A new study suggests that a single screening with a DNA test for HPV is more effective than all current methods of detecting cervical cancer. Some doctors say the easier test will replace Pap smears.
This isn't the first time we've heard that pap smears may be on their way out, but the results of the study of 130,000 women in India have put "another nail in the coffin" for Pap smears, as Stanford professor of gynecology Dr. Paul D. Blumenthal puts it in The New York Times. Scientists say that the new test could replace cruder screening methods in poor countries and allow women over 30 in wealthy countries to drop annual Pap smears and have a DNA test once every 3, 5, or 10 years.
The new study divided healthy Indian women between the ages of 30 and 59 into four groups. One group got the usual rural care, which is just advice to go to a hospital if they wanted screening. Another group got a "visualization" test, typical in poorer countries, in which a health worker looks at the cervix with a flashlight and swabs it with vinegar. Any white spots that develop may be precancerous lesions, so they are frozen off. A third group got pap smears and the fourth got a DNA test. For both tests cells are scraped from the cervix, but for the Pap test the cells are examined by a pathologist in lab and the results take days, while the DNA test can be read by a machine within hours.
After eight years, the control group and the visualization group had the same rates of cervical cancer and death, while the Pap-smear group had three-fourths the rates. Women who had the DNA test had half the rates of cancer and death, but none of the women who were negative on their DNA test died of cervical cancer.
Qiagen, the company that makes the DNA test, has developed a $5 version for use in poor countries that runs on batteries and doesn't require water or refrigeration. If a woman was tested just once every ten years and her results were negative, the chances that she would develop cancer would be low.
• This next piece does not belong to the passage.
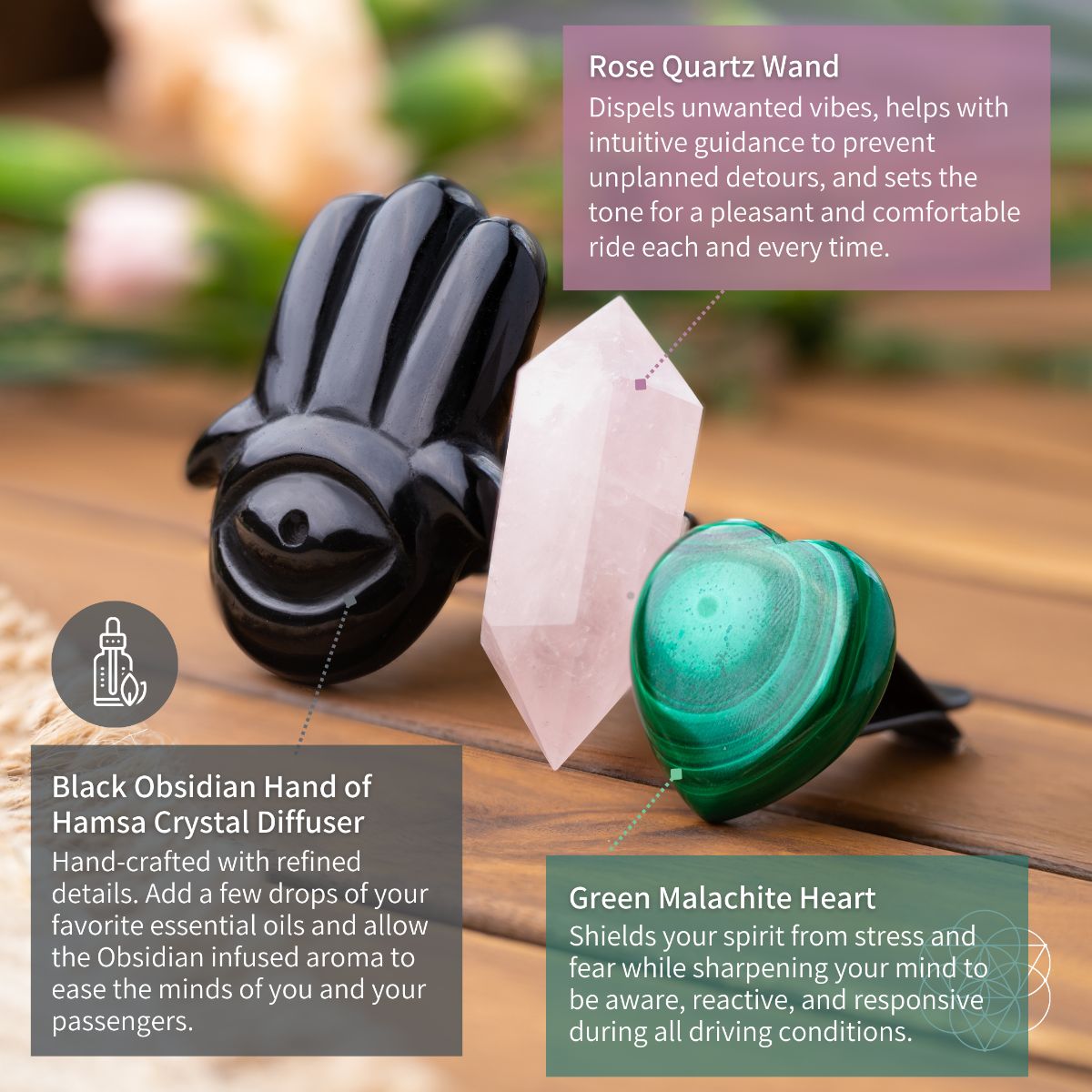 Hamsa Hand of Safe Travels: Aromatherapy Crystal Car Kit by Conscious Items at Shirley Shoppe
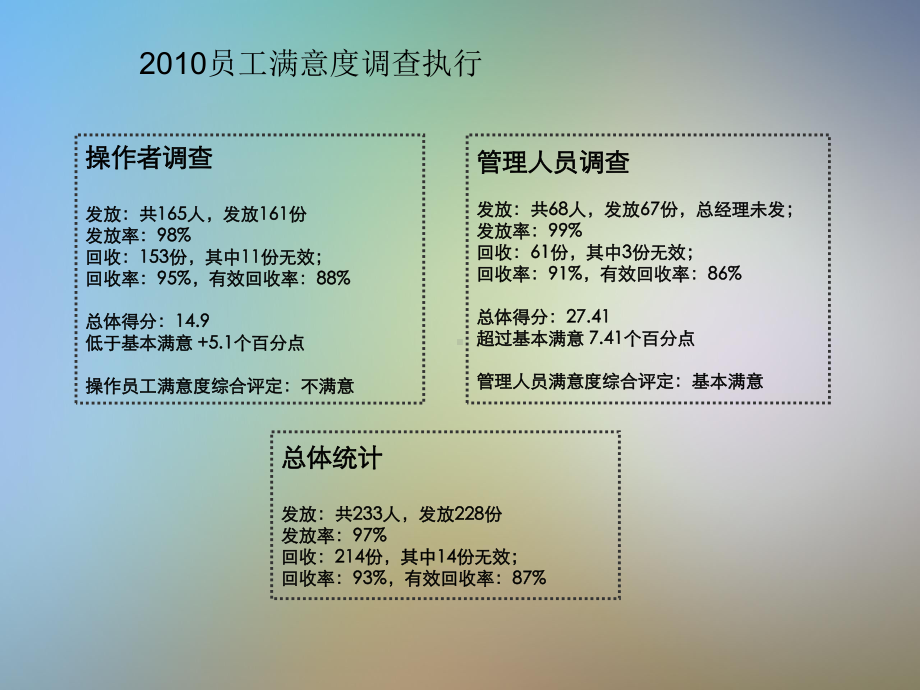 员工满意度调查报告完美版课件.pptx_第2页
In countries where women are hesitant to get pelvic exams, doctors say they test would still work if the women took the vaginal swab themselves.
Currently in poorer countries cervical cancer kills more than 250,000 woman a year. In the U.S. the cancer was a leading cause of death in the 1950s, but now it kills fewer than 4,000 women a year. In Europe most women don't start having Pap smears until 30, but the American Cancer society currently recommends that woman start yearly testing three years after they have sex, or no later than 21. After several normal results they may start testing only every three years. There are 150 strains of the human papillomavirus and cervical cancer is caused by only a few. Women pick up strains when they start having sex but most cases clear up on their own in about two years, and it's rare that the cancer would develop in under 15 years.
In 2002, the cancer society and the American College of Obstretricians and Gynocologists began recommending the HPV test as well and there is increasing evidence that the Pap smear is no longer necessary. "But we haven't been able to get doctors to go along," Dr. Debbie Salsow of the American Cancer Society said. "The average gynecologist, especially the older ones, says, ‘Women come in for their Pap smear, and that's how we get them in here to get other care.' We're totally overscreening, but when you've been telling everyone for 40 years to get an annual Pap smear, it's hard to change."